Réussissant la vraie première sitcom d’auteur ou adulte que Matthieu Kassovitz feignait mollement de représenter dans Assassin(s) en 1997 ainsi que la première adaptation d’un livre de Bret Easton Ellis (à oublier l’épaisse transposition cinématographique de American Psycho d’il y a deux ans), Avary sait forcer l’intériorité d’images subordonnées à la mécanique de leurs codes (sur laquelle d’ailleurs le cinéaste renchérit avec une outrance et une virulence assez rares) en multipliant les voix-off qui valent autant comme preuve d’une déréalisation et d’un détachement décrits plus haut que la preuve aussi que des vies et des espoirs se jouent ou meurent là, chacun de leur côté, tout juste les uns à côté des autres (6).
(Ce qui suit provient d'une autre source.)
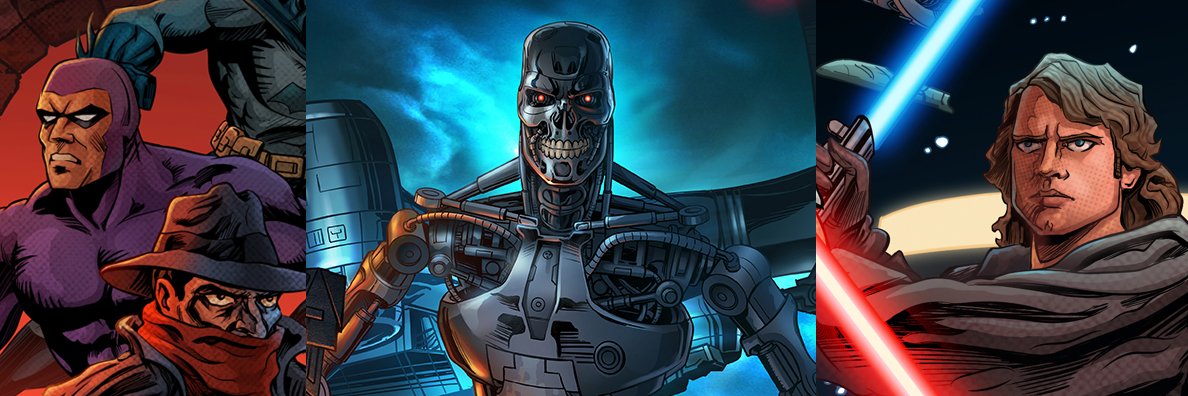 David Rabbitte - Comic Commissions Open🗯️ banner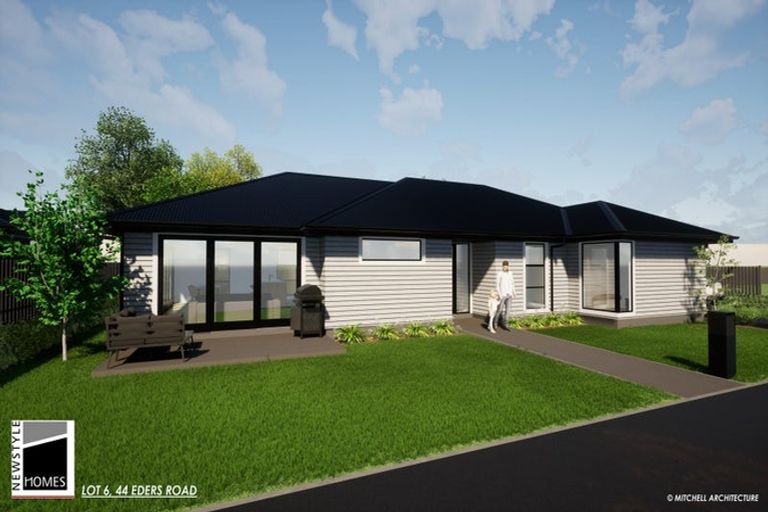 Photo of property in 6 Olearia Lane, Halswell, Christchurch, 8025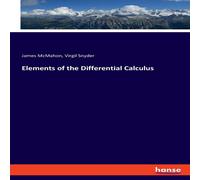 James McMahon Elements of the Differential Calculus Paperback Book James McMahon Multicolor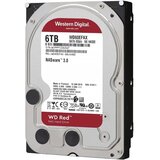 Western Digital HDD 6TB 256MB 60EFAX Red for NAS cene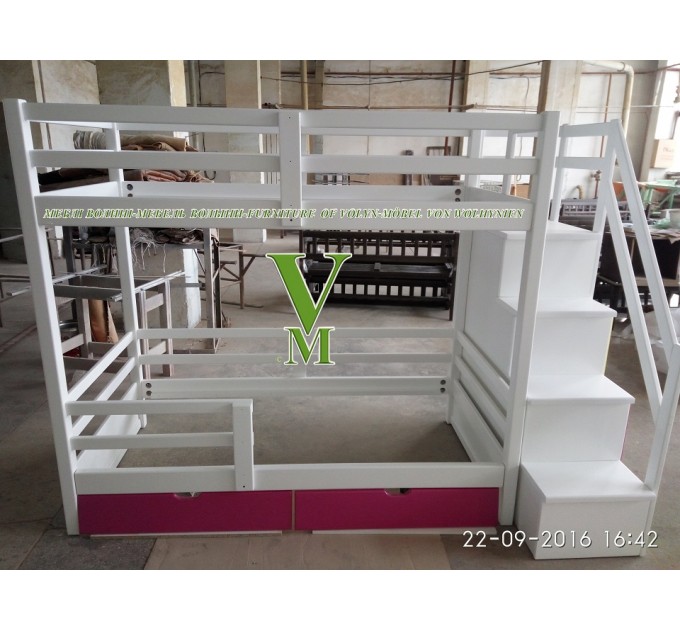 Двоярусне ліжко "Максимка" від тм Меблі Волині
C’est le suicide d’une jeune fille, le seul pied de sa courte vie, suicide filmé comme un shoot ou un happening, et dont personne ne saura rien (on pense ici particulièrement aux travaux de la vidéaste suisse-allemande Pipilotti Rist qui ont aussi influencé David Lynch). C’est un soirée étudiante « fin du monde » qui n’est que le lieu, excluant toute acmé ou résolution dramatique que le spectateur désirera en vain, de trajectoires simultanées qui ne sont décidément jamais arrivées à se croiser, comme autant d’asymptotes relancées exponentiellement vers l’infini. Le drame se situe résolument ailleurs.

Le nietzschéisme de Larry Clark réalisant Kids en 1996 et surtout Bully en 2001 lui permettait de ne jamais figer son registre filmique dans les pièges didactiques du film-dossier, privilégiant toujours les corps aux discours que ces mêmes corps s’amusent à susciter. Le romantisme réel et noir de Roger Avary pousse ce dernier à multiplier les ruptures (de ton, de narration) et à zigzaguer entre elles afin de sauver ce qu’il peut y avoir d’encore vivant dans des figures trépassées (on n’est alors pas très éloigné de Bringing out the dead (1999) de Scorsese et on ne peut donc qualifier sa posture de nihiliste) mais ce, sans jamais feindre d’ignorer que ces figures, dont la pulsion de mort est entretenue par le libéralisme universitaire, sont sursitaires. Le pire est peut-être encore à venir. Information de taille : les filles se suicident mieux que les garçons aux USA. Ce qu’il reste à faire à ces derniers, survivants-assassins en puissance (une alternative parmi d’autres) : trader à New York (cf. American Psycho) ou soldat dans le mauvais film au scénario couru d’avance qui se joue en ce moment sous la supervision de l’administration Bush en Irak et que retransmettent consciencieusement toutes les télés vassales du monde. Dans les deux cas, il faut compter avec de vrais morts, en sursis ou non. Images comprises, qui viennent mourir dans ce Ground Zero qu’est définitivement le teen movie ou la télévision.